If $$[\cdot]$$ represents the greatest integer function, then the value of $$\left|\int_0^{\sqrt{\frac{\pi}{2}}} \left[\left[x^2\right] - \cos x\right] dx\right|$$ is ________.

We evaluate $$\left|\int_0^{\sqrt{\pi/2}} \left[\left[x^2\right] - \cos x\right] dx\right|$$, where $$[\cdot]$$ denotes the greatest integer function.

The upper limit is $$\sqrt{\pi/2} \approx 1.2533$$. As $$x$$ goes from 0 to $$\sqrt{\pi/2}$$, $$x^2$$ goes from 0 to $$\pi/2 \approx 1.5708$$.

For $$0 \leq x < 1$$: $$x^2 \in [0,1)$$, so $$[x^2] = 0$$. The integrand is $$[0 - \cos x] = [-\cos x]$$. Since $$\cos x \in (\cos 1, 1] \approx (0.5403, 1]$$ on this interval, $$-\cos x \in [-1, -0.5403)$$. At $$x = 0$$, $$-\cos 0 = -1$$ and $$[-1] = -1$$. For $$x \in (0,1)$$, $$-1 < -\cos x < 0$$, so $$[-\cos x] = -1$$. Thus $$[-\cos x] = -1$$ on $$[0, 1)$$.

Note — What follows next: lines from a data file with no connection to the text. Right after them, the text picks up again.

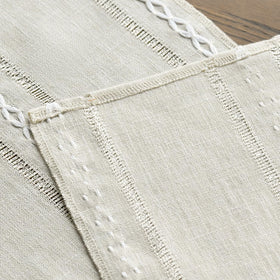 Artoid Mode machine-washable table runner cleans easily while preserving color.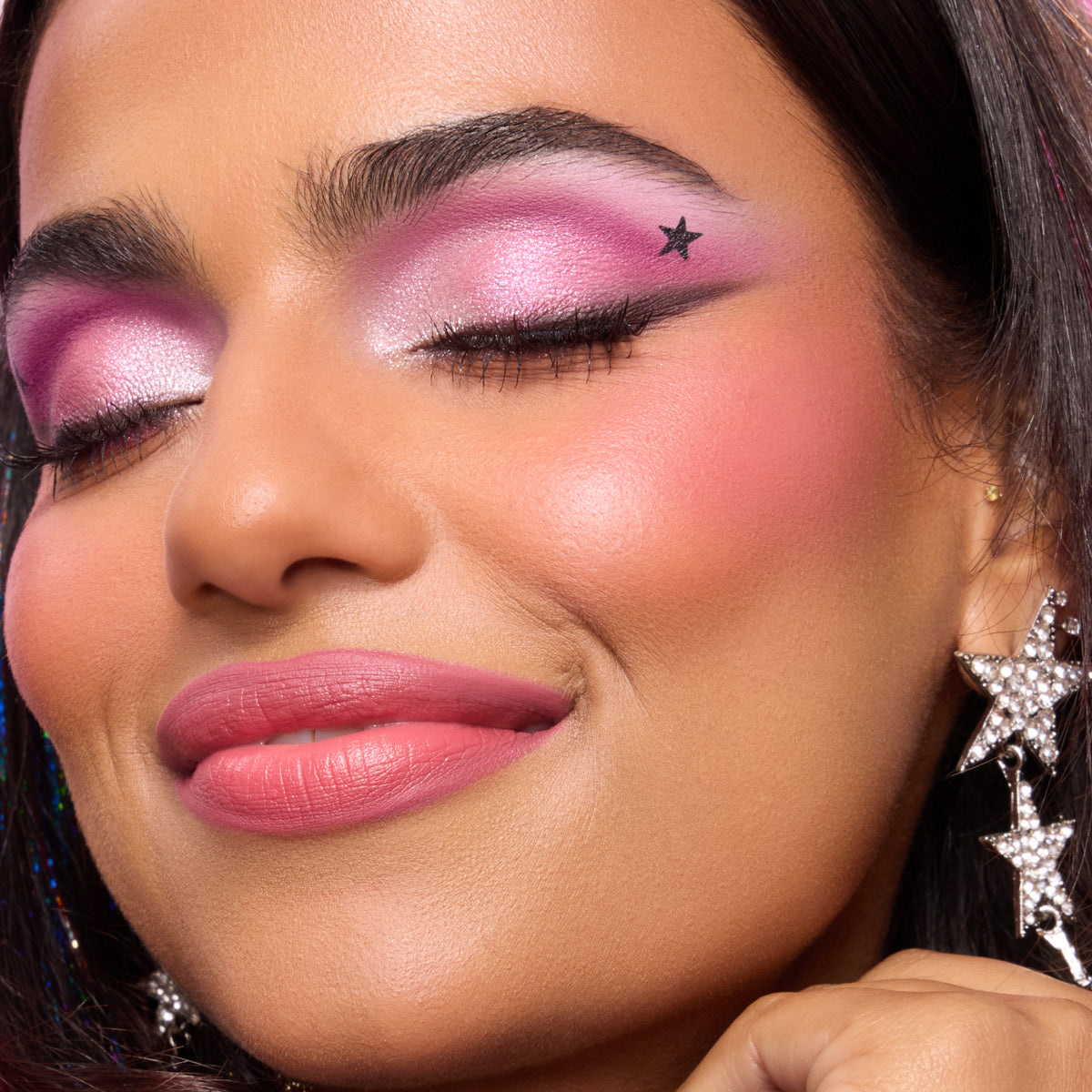 Model with medium skin wearing pink shadow, a black wing and a stamped star from Double Life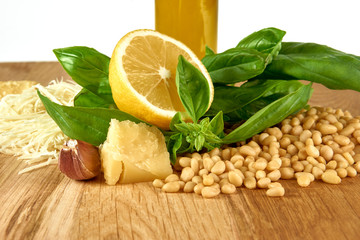 Ingredients for pesto sauce on wooden background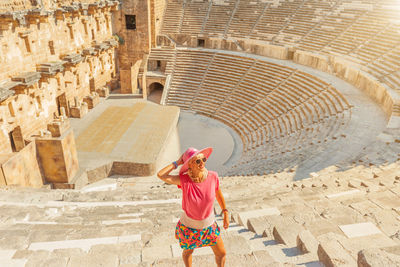 Rear view of woman walking on steps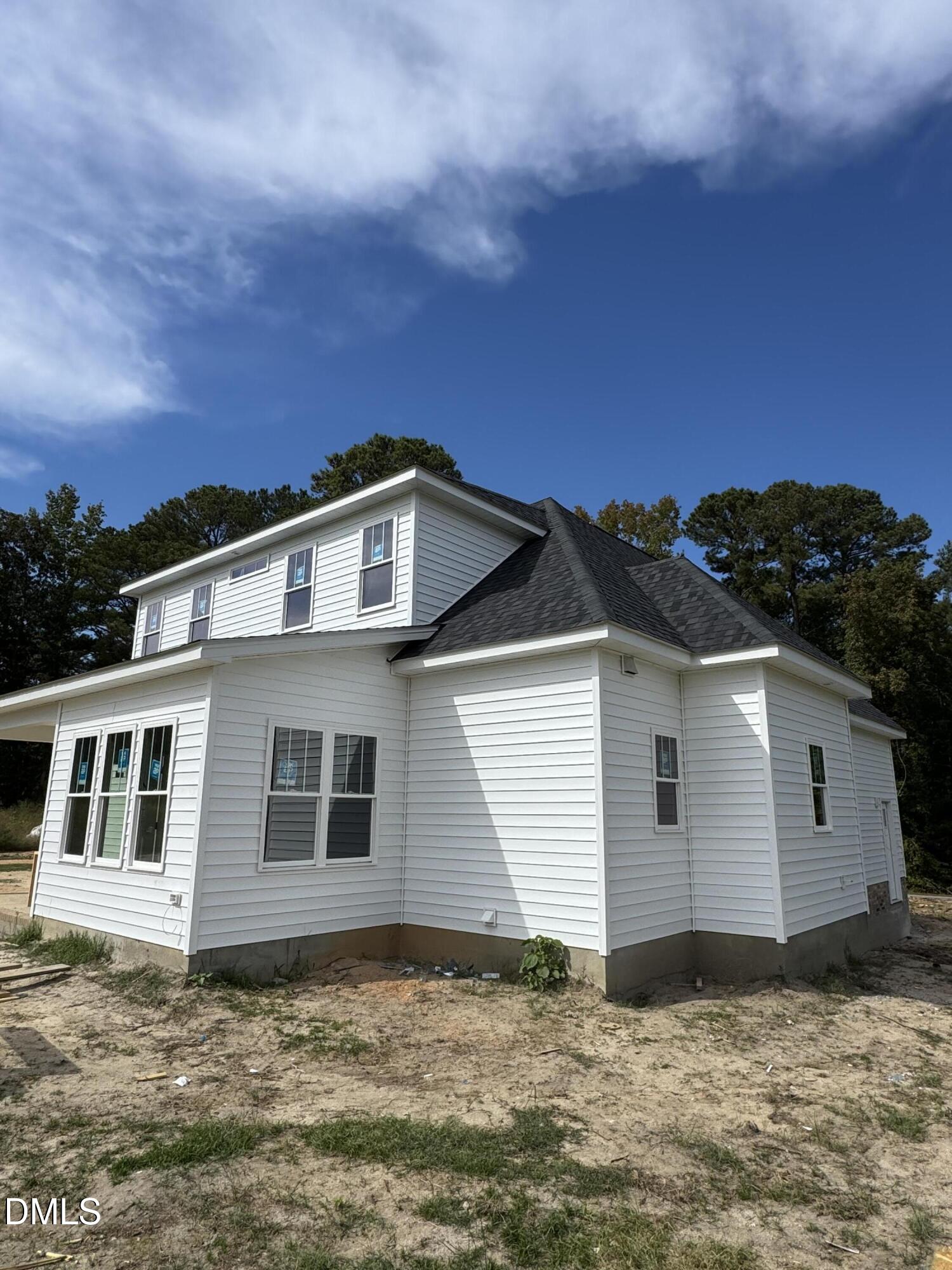 White two-story house with dark shingle roof, surrounded by bare soil and trees.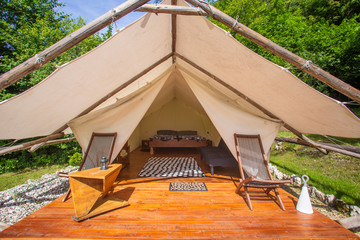Glamping tent exterior in Adrenaline Check eco camp in Slovenia.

For $$1 \leq x \leq \sqrt{\pi/2}$$: $$x^2 \in [1, \pi/2]$$, so $$[x^2] = 1$$. The integrand is $$[1 - \cos x]$$. Here $$\cos x$$ ranges from $$\cos(\sqrt{\pi/2}) \approx 0.309$$ to $$\cos 1 \approx 0.540$$, so $$1 - \cos x \in (0.460, 0.691)$$. Since $$0 < 1 - \cos x < 1$$, we have $$[1 - \cos x] = 0$$.

Therefore $$\int_0^{\sqrt{\pi/2}} [[x^2] - \cos x]\, dx = \int_0^1 (-1)\, dx + \int_1^{\sqrt{\pi/2}} 0\, dx = -1$$.

Taking the absolute value: $$|-1| = 1$$.

The answer is 1.